Exercise requirements:
In the material below, find the line with "EASYCEL Convertidor RCA" and the line with "Packing 2 Feet", then output both and every line between them exactly, omitting pictures.

Records supplied:
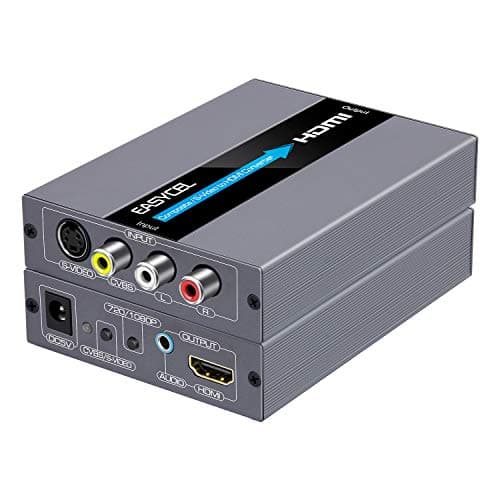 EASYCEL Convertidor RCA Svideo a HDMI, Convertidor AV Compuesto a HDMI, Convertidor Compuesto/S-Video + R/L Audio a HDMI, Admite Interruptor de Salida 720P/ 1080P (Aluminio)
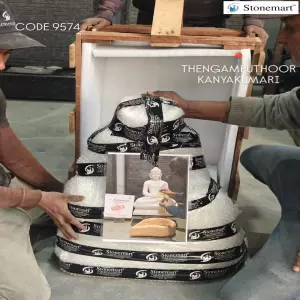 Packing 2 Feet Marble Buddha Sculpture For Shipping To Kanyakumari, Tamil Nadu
* * *
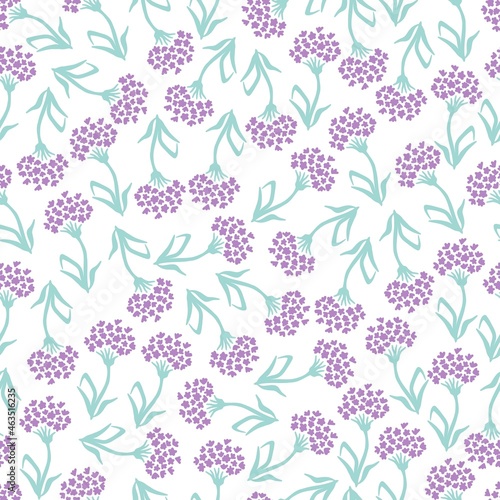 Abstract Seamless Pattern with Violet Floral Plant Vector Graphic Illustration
...
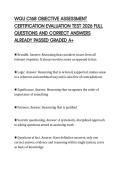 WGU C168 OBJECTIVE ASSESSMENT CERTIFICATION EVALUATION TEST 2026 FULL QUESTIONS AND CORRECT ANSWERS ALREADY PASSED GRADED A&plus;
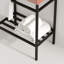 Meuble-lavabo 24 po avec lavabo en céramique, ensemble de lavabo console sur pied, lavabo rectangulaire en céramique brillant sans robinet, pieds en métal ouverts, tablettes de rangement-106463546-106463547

Solution to the exercise:
 EASYCEL Convertidor RCA Svideo a HDMI, Convertidor AV Compuesto a HDMI, Convertidor Compuesto/S-Video + R/L Audio a HDMI, Admite Interruptor de Salida 720P/ 1080P (Aluminio)
 Packing 2 Feet Marble Buddha Sculpture For Shipping To Kanyakumari, Tamil Nadu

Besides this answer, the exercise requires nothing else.